Тут необходимо отметить, что взгляд Иосифа на духовное окормление иноков коренным образом отличается от воззрений старцев. Старцы тоже видят в послушании хорошее средство для воспитания новоначального инока, но они используют его именно как средство и всегда стремятся к тому, чтобы в духовном руководстве учитывать своеобразие личности ученика, избегать шаблона в подходе к духовному совершенствованию иноков.
Иосиф пренебрегал и духовными основами христианской аскезы в целом, и основами монастырского наставничества в частности. Это особенно остро проявилось в его взглядах на взаимоотношения между настоятелем и братией. Требования, которые Иосиф предъявляет настоятелю, носят лишь внешний характер. Говоря об этом в своем уставе, он подкрепляет рассуждения многими примерами из истории восточного иночества и требует от настоятеля крайне сурового обхождения с братией. Он воспитывает инока не воздействием на его совесть, не доказательствами духовного достоинства аскезы, а запугиванием непослушных. Монах при этом видит в настоятеле не духовного наставника, которому он мог бы открыть свои душевные тревоги и получить от него совет и помощь, а монастырское начальство, которое не только может, но и обязано наказывать его за любую, самую малую провинность.

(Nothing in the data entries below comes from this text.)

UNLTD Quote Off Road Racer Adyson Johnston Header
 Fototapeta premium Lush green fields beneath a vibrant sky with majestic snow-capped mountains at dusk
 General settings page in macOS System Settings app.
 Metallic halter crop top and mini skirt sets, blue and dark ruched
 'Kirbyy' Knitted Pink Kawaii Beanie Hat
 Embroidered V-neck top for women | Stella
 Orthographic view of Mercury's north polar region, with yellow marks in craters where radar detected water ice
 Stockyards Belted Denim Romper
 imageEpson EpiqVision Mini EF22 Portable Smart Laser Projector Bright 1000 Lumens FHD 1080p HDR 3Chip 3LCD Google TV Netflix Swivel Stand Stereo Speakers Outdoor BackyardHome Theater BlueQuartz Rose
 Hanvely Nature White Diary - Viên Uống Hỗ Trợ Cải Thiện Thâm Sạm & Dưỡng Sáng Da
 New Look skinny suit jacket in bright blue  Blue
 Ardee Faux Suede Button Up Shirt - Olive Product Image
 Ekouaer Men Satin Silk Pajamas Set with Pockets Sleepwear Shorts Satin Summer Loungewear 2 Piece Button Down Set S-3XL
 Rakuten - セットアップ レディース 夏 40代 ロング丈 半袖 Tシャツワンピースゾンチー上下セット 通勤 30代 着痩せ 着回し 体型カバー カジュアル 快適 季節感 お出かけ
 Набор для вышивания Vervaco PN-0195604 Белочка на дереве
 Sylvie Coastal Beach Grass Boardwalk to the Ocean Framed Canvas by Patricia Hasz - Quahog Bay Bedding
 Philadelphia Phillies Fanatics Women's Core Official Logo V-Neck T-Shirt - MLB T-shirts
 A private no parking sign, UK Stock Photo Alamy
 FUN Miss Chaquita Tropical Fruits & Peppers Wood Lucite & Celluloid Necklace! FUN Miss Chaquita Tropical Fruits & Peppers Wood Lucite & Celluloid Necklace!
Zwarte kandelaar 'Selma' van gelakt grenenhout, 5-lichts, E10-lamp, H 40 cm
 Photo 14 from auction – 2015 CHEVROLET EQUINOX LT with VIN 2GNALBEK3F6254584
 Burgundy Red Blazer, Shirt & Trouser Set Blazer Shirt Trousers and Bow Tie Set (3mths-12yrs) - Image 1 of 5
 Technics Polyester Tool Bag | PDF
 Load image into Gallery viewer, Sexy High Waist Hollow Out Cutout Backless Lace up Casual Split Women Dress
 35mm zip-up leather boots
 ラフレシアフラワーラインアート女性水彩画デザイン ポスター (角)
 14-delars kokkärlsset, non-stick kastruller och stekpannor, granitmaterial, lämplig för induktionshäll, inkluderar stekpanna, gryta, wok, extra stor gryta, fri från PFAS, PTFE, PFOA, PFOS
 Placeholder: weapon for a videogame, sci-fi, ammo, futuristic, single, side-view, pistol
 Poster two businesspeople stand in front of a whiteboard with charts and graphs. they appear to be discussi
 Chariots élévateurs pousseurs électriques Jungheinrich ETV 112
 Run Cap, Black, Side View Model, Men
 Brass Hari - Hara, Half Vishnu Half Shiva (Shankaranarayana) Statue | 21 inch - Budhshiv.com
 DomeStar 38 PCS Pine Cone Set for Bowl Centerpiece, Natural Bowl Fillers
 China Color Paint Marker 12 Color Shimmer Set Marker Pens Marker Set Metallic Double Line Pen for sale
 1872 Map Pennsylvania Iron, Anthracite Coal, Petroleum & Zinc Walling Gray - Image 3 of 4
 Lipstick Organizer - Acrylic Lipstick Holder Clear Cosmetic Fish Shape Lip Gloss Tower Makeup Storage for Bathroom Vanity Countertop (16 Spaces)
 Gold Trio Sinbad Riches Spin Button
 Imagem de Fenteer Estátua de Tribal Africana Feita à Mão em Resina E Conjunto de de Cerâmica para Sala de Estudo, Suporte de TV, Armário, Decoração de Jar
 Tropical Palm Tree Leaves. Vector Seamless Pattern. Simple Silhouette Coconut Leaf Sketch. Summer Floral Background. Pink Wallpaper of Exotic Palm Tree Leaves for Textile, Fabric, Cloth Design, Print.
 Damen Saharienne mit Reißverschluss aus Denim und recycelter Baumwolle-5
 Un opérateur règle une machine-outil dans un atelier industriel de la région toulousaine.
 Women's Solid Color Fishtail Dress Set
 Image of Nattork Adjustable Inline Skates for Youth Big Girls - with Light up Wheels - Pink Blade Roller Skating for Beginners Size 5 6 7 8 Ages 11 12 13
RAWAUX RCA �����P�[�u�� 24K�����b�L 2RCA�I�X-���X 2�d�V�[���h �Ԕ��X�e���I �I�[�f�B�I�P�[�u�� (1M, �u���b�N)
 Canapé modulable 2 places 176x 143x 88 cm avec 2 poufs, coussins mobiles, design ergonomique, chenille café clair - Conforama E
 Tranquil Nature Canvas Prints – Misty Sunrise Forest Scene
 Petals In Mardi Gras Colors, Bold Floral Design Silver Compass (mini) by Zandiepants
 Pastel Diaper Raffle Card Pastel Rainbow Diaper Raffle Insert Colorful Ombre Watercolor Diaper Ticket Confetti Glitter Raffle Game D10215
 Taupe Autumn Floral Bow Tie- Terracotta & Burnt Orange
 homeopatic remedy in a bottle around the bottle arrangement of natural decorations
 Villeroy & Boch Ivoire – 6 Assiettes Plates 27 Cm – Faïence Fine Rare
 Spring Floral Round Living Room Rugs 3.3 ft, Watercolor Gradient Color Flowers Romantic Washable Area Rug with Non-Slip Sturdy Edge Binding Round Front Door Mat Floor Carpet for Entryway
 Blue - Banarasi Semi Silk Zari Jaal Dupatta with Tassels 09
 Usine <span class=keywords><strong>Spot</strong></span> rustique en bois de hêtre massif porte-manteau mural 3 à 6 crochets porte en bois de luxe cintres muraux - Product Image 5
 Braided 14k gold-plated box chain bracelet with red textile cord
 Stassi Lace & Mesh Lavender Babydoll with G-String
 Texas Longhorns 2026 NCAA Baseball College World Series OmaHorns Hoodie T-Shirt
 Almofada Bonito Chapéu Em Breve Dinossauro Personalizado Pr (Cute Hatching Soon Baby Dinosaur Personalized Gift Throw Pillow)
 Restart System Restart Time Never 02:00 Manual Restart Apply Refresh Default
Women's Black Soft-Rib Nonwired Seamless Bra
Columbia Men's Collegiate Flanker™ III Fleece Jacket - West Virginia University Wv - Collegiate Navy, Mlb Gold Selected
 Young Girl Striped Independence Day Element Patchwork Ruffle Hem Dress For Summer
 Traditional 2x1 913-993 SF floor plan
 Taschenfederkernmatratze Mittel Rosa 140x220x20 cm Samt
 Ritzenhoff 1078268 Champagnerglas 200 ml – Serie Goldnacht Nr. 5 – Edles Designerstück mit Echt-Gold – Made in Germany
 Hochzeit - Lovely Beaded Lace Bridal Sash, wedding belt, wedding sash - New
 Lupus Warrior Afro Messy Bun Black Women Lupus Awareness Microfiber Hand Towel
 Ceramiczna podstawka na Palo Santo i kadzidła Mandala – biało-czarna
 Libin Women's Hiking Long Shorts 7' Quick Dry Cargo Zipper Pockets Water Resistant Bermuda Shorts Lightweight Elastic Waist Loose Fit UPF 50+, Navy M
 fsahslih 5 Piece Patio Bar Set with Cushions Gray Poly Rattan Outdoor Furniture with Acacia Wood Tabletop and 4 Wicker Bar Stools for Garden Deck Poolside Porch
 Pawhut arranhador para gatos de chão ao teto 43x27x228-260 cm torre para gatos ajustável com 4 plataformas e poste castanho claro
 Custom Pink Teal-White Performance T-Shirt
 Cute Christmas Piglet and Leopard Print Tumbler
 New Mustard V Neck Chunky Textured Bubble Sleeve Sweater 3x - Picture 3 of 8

Устав предписывает иноку определенное поведение в своей келье, в трапезной, за работой и на богослужении в храме. В церкви, например, у каждого монаха должно быть свое определенное место и одна и та же дверь, через которую ему следует входить и выходить. Иосиф даже пишет о том, как монах должен стоять, как держать голову и руки, когда осенять себя крестным знамением. Устав главным образом касается общей молитвы, он требует, чтобы при богослужении все вычитывалось и пелось без сокращений. Из–за этого богослужение затягивалось, и для келейной молитвы у инока не оставалось времени; нельзя забывать, что монахи в его обители много времени уделяли хозяйственным работам — меньше рукоделию, больше управлению монастырскими заведениями (мельницами, полевыми работами и т. д.) [108].